# How do you find the vertical, horizontal and slant asymptotes of: f(x) =(x^2 + 1) / (x - 2x^2)?

Dec 20, 2016

The vertical asymptotes are $x = 0$ and $x = \frac{1}{2}$
No slant asymptote
The horizontal asymptote is $y = - \frac{1}{2}$

#### Explanation:

$f \left(x\right) = \frac{{x}^{2} + 1}{x - 2 {x}^{2}} = \frac{{x}^{2} + 1}{x \left(1 - 2 x\right)}$

The domain of $f \left(x\right)$ is ${D}_{f} \left(x\right) = \mathbb{R} - \left\{0 , \frac{1}{2}\right\}$

As we cannot divide by $0$, $x \ne 0$ and $x \ne \frac{1}{2}$

The vertical asymptotes are $x = 0$ and $x = \frac{1}{2}$

As the degree of the numerator $=$ to the degree of the denominator, there is no slant asymptote.

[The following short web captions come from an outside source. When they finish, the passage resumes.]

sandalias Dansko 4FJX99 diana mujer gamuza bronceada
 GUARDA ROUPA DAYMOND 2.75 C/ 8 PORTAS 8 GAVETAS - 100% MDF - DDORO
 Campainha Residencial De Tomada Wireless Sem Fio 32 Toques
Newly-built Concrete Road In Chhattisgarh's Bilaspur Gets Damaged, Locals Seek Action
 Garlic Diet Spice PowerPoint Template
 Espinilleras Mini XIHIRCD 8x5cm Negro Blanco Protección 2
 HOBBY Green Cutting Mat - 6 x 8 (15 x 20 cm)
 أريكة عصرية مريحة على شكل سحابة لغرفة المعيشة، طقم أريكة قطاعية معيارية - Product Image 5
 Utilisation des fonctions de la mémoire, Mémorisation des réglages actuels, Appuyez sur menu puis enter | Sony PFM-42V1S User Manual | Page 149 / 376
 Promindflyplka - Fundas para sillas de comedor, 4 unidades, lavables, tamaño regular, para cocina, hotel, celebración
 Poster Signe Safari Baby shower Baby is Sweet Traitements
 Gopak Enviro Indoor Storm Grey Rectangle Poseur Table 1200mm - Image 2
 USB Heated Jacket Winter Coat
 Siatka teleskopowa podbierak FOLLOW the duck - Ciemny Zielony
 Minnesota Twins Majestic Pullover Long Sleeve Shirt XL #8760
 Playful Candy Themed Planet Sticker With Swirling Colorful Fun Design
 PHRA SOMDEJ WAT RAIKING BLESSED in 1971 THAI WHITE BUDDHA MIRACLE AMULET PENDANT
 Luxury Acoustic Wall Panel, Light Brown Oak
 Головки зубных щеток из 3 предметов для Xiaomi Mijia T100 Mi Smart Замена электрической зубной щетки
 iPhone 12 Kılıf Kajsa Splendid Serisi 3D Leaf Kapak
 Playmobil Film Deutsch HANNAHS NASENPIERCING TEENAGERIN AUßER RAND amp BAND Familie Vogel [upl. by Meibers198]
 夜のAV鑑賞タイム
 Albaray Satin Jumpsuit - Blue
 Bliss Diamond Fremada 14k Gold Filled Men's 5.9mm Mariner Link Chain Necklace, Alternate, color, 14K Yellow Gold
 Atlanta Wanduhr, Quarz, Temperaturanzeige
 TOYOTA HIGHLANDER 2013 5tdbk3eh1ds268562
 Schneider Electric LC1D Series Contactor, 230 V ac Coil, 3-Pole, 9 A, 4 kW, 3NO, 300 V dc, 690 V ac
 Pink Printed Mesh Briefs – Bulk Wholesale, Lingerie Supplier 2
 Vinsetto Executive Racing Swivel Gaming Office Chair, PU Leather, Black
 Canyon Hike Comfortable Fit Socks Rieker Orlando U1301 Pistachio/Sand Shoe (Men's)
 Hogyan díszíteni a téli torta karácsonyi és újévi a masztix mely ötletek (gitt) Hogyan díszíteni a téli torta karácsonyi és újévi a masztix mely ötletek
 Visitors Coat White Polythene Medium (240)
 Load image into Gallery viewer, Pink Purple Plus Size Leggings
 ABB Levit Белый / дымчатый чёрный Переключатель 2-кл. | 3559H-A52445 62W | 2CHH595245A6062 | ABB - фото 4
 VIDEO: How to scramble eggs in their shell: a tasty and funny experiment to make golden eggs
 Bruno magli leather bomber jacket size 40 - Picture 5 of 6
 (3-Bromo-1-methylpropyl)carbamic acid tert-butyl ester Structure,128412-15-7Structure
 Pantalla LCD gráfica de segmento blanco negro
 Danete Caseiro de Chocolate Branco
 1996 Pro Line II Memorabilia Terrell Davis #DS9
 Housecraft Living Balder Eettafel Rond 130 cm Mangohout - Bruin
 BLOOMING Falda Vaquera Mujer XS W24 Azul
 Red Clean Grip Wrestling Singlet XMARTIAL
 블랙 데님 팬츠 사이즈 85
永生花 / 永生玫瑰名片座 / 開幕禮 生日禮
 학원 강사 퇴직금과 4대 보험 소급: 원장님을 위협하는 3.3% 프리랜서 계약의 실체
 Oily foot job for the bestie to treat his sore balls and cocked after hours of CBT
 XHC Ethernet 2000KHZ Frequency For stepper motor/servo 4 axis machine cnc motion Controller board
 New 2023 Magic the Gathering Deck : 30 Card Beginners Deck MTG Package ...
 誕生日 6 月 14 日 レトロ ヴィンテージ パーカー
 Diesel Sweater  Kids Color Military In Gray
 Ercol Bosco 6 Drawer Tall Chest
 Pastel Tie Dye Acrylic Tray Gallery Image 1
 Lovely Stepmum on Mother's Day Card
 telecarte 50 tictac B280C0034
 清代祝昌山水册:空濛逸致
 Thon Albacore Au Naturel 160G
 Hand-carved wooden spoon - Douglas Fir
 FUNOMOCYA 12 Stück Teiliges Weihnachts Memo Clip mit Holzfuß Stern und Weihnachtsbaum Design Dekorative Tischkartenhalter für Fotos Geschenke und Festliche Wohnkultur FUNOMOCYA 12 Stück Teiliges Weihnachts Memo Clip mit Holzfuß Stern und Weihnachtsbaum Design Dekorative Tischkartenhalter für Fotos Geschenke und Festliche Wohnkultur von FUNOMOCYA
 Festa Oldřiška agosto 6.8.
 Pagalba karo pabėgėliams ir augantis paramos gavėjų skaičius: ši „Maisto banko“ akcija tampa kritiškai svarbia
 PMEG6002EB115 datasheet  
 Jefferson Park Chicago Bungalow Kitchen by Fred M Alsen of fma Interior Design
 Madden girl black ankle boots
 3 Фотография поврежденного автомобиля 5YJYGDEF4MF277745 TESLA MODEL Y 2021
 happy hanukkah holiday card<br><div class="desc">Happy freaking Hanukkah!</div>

We must calculate the limits as $x \to \pm \infty$, we take the terms of highest degree in the numerator and the denominator

${\lim}_{x \to \pm \infty} f \left(x\right) = {\lim}_{x \to \pm \infty} {x}^{2} / \left(- 2 {x}^{2}\right) = {\lim}_{x \to \pm \infty} - \frac{1}{2} = - \frac{1}{2}$

The horizontal asymptote is $y = - \frac{1}{2}$

graph{(y-(x^2+1)/(x(1-2x)))(y+1/2)=0 [-28.86, 28.85, -14.43, 14.46]}